Even in an era of machine learning, automation and robotics, there is always a slim chance of an erroneous performance analytics feed, a wrong valuation file reported by a custodian, or wrong corporate action information delivered by a data vendor. The imperative is to fix these issues in the point-in-time historical record so that all the reports for that day show correct corporate valuation, performance and corporate action data. This can be achieved through the capabilities of a bitemporal data warehouse.
What is bitemporal data?
Bitemporal data denotes the values of a data type at different points in time. Bitemporal data is available in bitemporal databases and data warehouses to ensure that reports can be produced on a historical ‘as-of’ basis. When working with corporate actions or fixed-income securities such as bonds that have variable coupon rates, the concept of bitemporality has become key for managing the information about these actions and securities.
In financial trading operations, a bitemporal data management capability means being able to assign and manage multiple time stamps for the same item at different points in time. These can include data about conversion ratios, positions, portfolio holdings, exposure, ratings or a firm’s own classifications of a security or an action. With a bitemporal capability, data managers can more effectively identify and correct errors in their data, based on a history of that data item.
Many investment data types are dynamic and can vary over time. These include portfolio exposure, performance and risk measurements, ratings, classifications, and statistical information such as coupon rates, analytics and ratios.
Bitemporal data for reporting
Bitemporal data systems are necessary to handle these many areas of dynamic or volatile data, statistics and analytics, in order to achieve better and more accurate management information (MI) and financial and regulatory reporting. That higher standard of reporting will better support risk management, regulatory compliance and performance attribution.
Having such a bitemporal record of key data and changes to that data is indispensable for reporting, auditing and regulatory requirements. Errors in attributes such as bond coupon rates or conversion . Even better, this information can be corrected while retaining the history of what these items were believed to be at past points in time. This allows user to look back in time and perform analysis based on the lineage and ensure compliance. Aside from error correction, using a bitemporal data management capability also allows firms to see how a security was valued at a certain as-of in history vis-à-vis how that position is valued after adjustment as at the current date. For example, it allows users to factor in late arriving trades or make adjustments while finalizing the end of period accounts, such as P&L and balance sheet. It is able to provide a true picture, because it maintains the entire life cycle of a trade or adjustment.

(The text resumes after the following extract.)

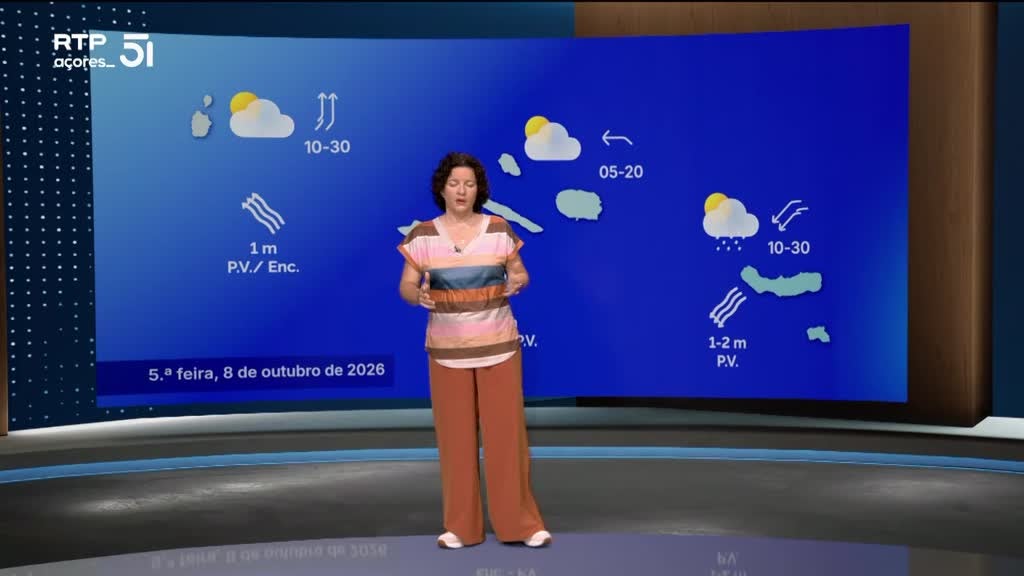 Imagem de Meteorologia Açores - Com Rita Mota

Reference to a point in time
Each recorded snapshot of a data element can be called an as-of, as in ‘these were the values for the data element as-of a certain point in time.’ Changes in this data may or may not happen each day, so data consumers may want to specify that they only want new as-of snapshots when there is a change. Still, each change requires all the relevant data to be stored all over again in the snapshot. Matters get more complicated if data consumers are dealing with multiple vendors or sources of bitemporal data. GoldenSource natively handles multiple vendors and stores the relevant bitemporal data at the same time. This helps capital market participants to effectively manage their data and risk. It provides a complete, correct and authoritative picture of data at different point in time. It produces time-based insights from data for highly regulated capital markets.
Warehousing the appropriate data to perform the kind of functions that achieve true bitemporality can be a challenge, as can having the correct technology to track what is happening bitemporally in securities data. The GoldenSource Data Warehouse supports bitemporality, providing users the ability to maintain historical data while relating it to market changes, and recording such changes correctly. This approach gives confidence to any regulatory authority, auditor or internal reviewer/approver of the data, because all history, both the original view and the corrected view, is available to them. Operationally it allows firms to correct manual errors, late trades and make adjustments in a controlled and governed environment.